Was Francis Tumblety Jack the Ripper?
A man of dubious character to be sure, as at 15 he was selling pornographic books and papers on the canal packet boats. He apparently disappeared from the area, returning years later he advertised he was ‘a great physician’, but he was really a man who sold potions from the back of a wagon. One of these, for pimples, was very effective and made him a fortune. A boastful flamboyant man, who held sumptuous dinner parties in his tastefully furnished apartment in Washington, intimate with many members of the Army and War Department, when they asked why there were no ladies present, he replied. “No, I don’t know any such cattle and if I did I would, as your friend rather give you a dose of poison than take you into such danger.”
He would later show the company anatomical specimens in a cupboard, including women’s wombs. He hated women because he had married young, to an older lady who was very flirty even on honeymoon. Some months later, on the rough side of town he saw his wife entering the house of a known brothel keeper with a man. The marriage ended in divorce! He was later arrested for poisoning someone with one of his potions, he was also a suspect in the murder of Abraham Lincoln. However, he always managed to stay one step ahead of the law running between America and Canada.
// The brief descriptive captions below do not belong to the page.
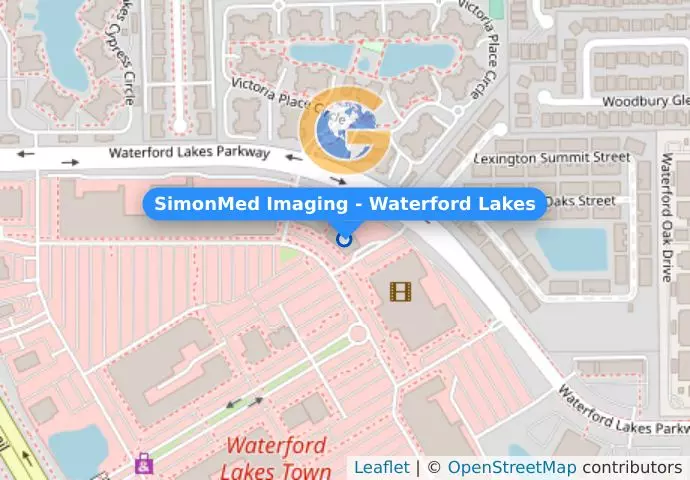 SimonMed Imaging - Waterford Lakes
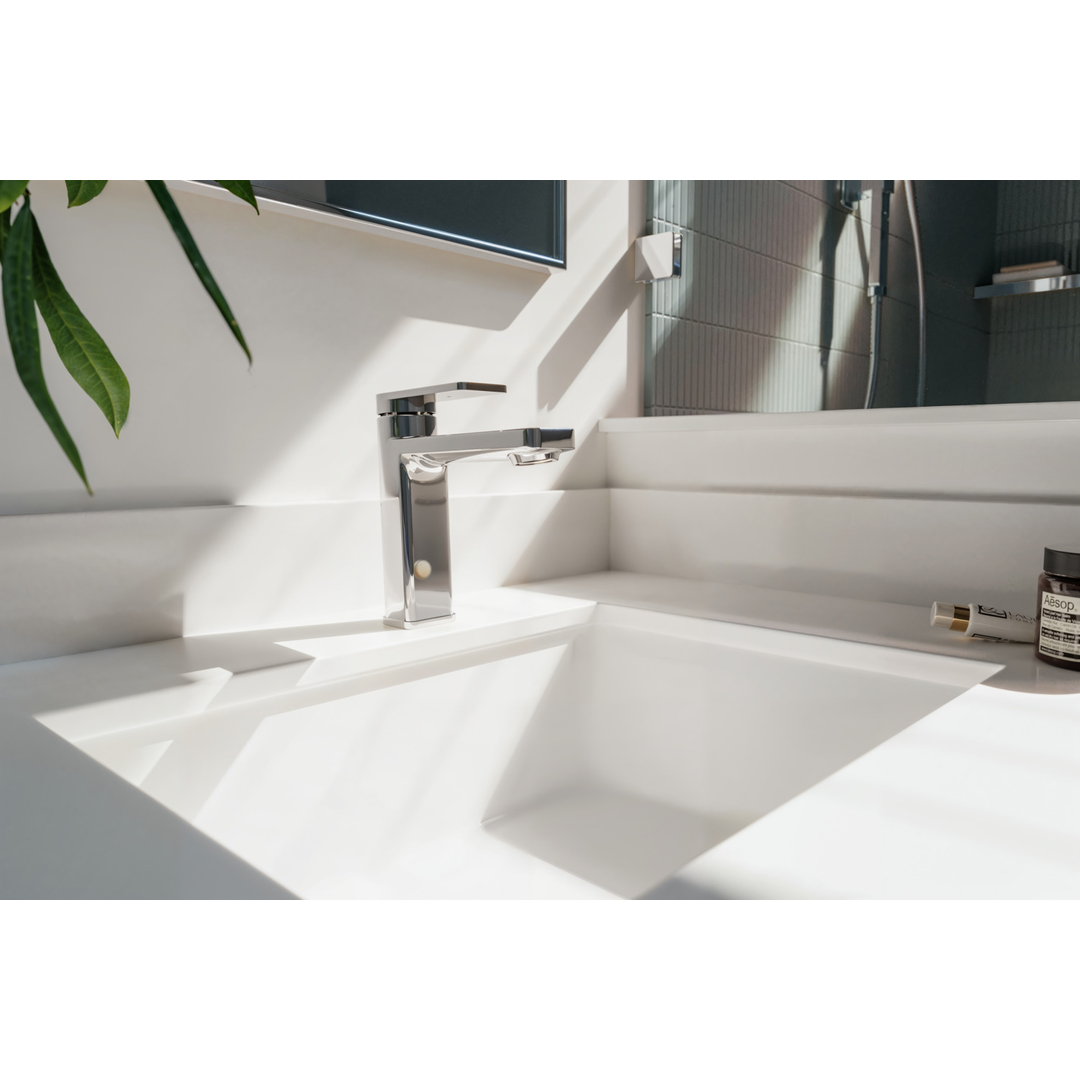 Aspire Nuovo Basin Mixer - Chrome
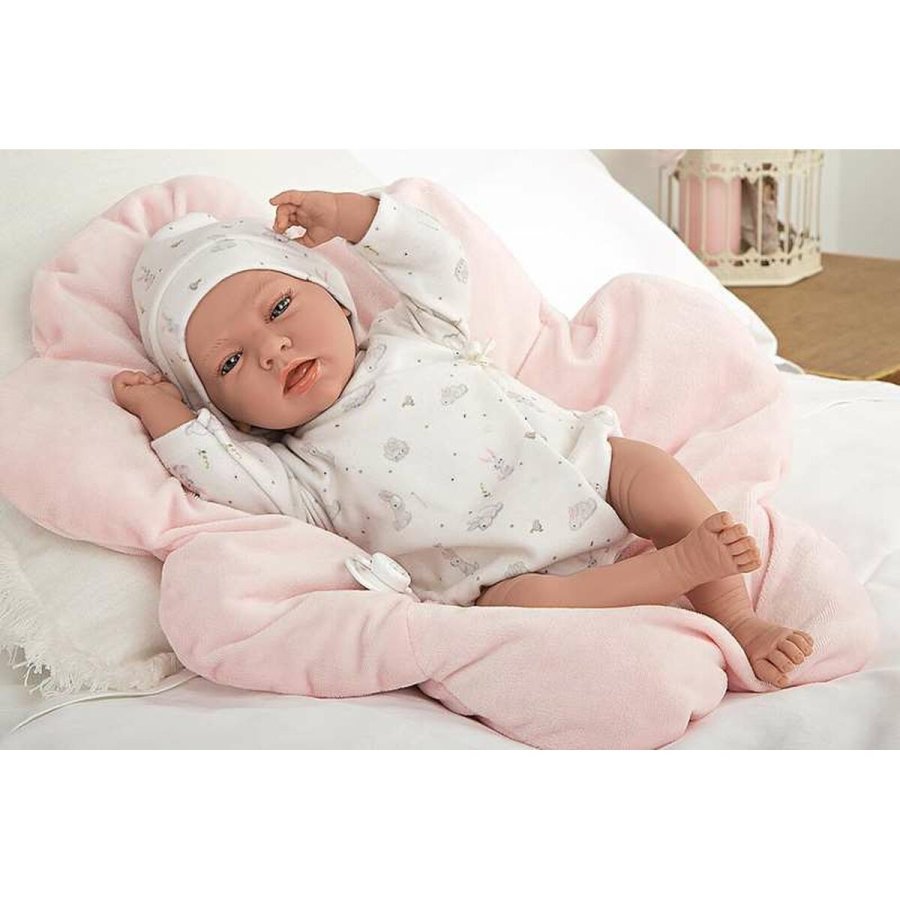 Baby dukke Arias Elegance Dafne 40 cm #2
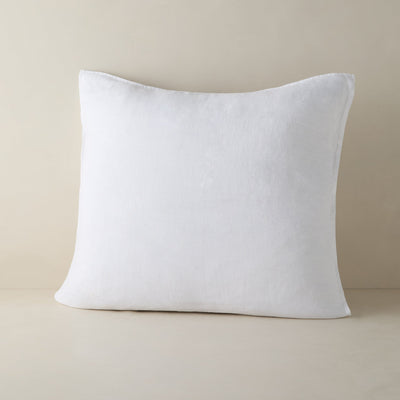Melia European Flax Linen® Sham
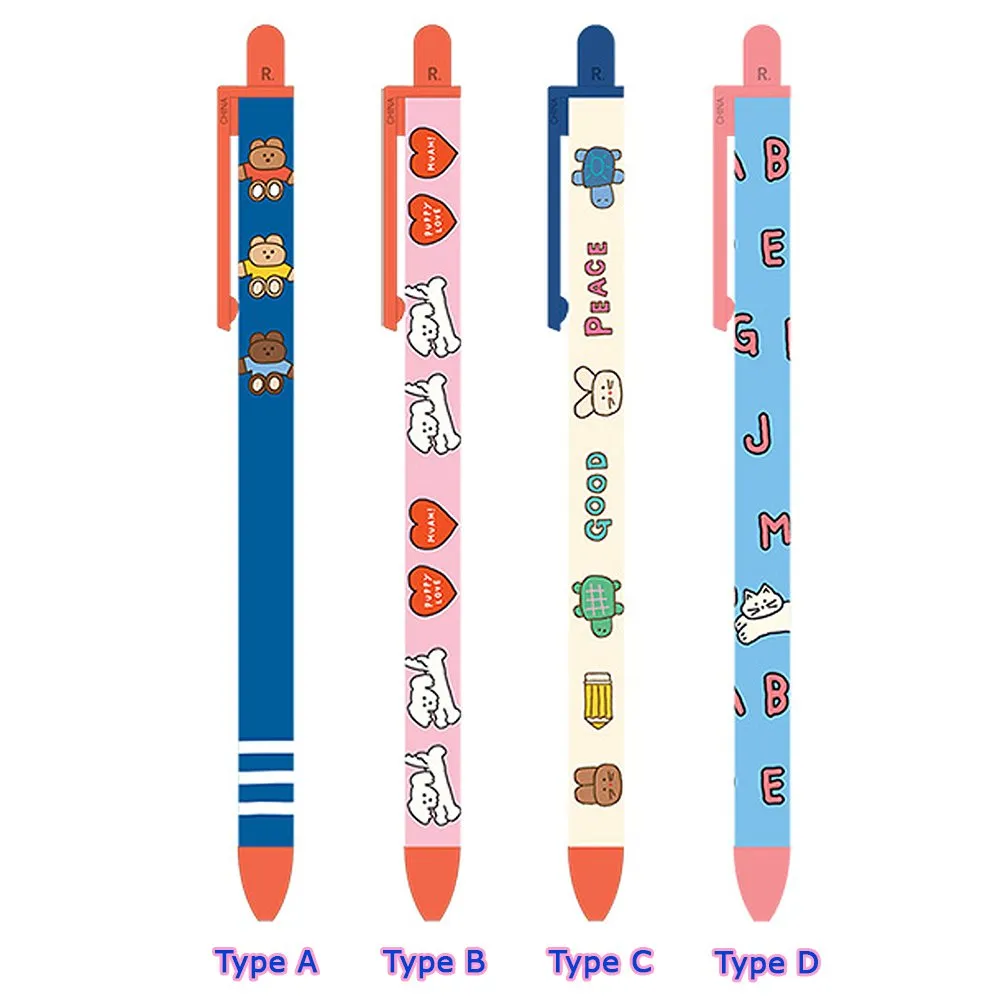Donat Donat 0.38mm Ballpoint Pen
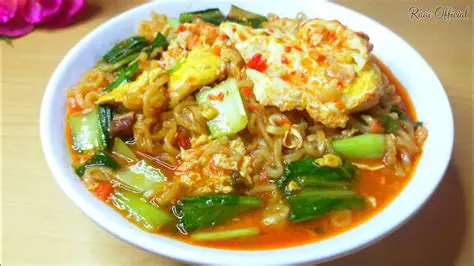 Pastikan Mie Dimasak dengan Benar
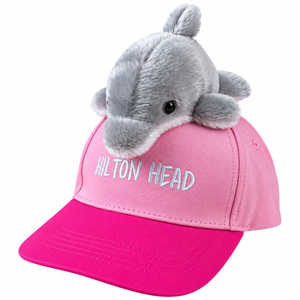 Youth Hilton Head Dolphin Baseball Cap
It is thought that he may have been the subject of a letter written by Inspector J G Littlechild, one of the investigating officers in the case of Jack the Ripper. He wrote to G Sims: “I never heard about a Dr D in connection with the murders but I did hear about a Dr T (sounds the same) an American Quack called Tumblety”.
The letter, discovered by Stewart Evans prompted his book “Jack the Ripper, The First American Serial Killer.” Further investigation showed that Tumblety was here, and rumoured to be the ‘lodger’ living in Batty Street. The landlady noticed her tenant with a bloodstained shirt on the double event 30 September 1888.
He arrived in Liverpool in 1888 and then went to London. He was known to the police here as a Fenian sympathiser. There had been a bomb attack on Scotland Yard, and so they were looking for anyone connected. On 7 November 1888 he was arrested for gross indecency (found with a man in a public toilet) and he would have been bailed the same or the next day. Now he was known as a ‘psycopathia sexualis’, he was arrested again on 12 November in connection with the murder of Mary Kelly and bailed to appear on the sixteenth. Using the name of Frank Townsend, he fled to Boulogne and from there back to New York. He was important enough a suspect for the British police to send a posse of officers there. However, they denied that they were looking for him for the murder, and just said he had jumped bail.
An intriguing man to be sure, but not Jack the Ripper. The evidence was purely circumstantial; there was nothing concrete. At 6 foot tall, a flamboyant dresser with an American accent, I think he would have found it impossible to melt into the background in an area inhabited mainly by small (5ft 6ins average height) underfed Jews, Irish and English men!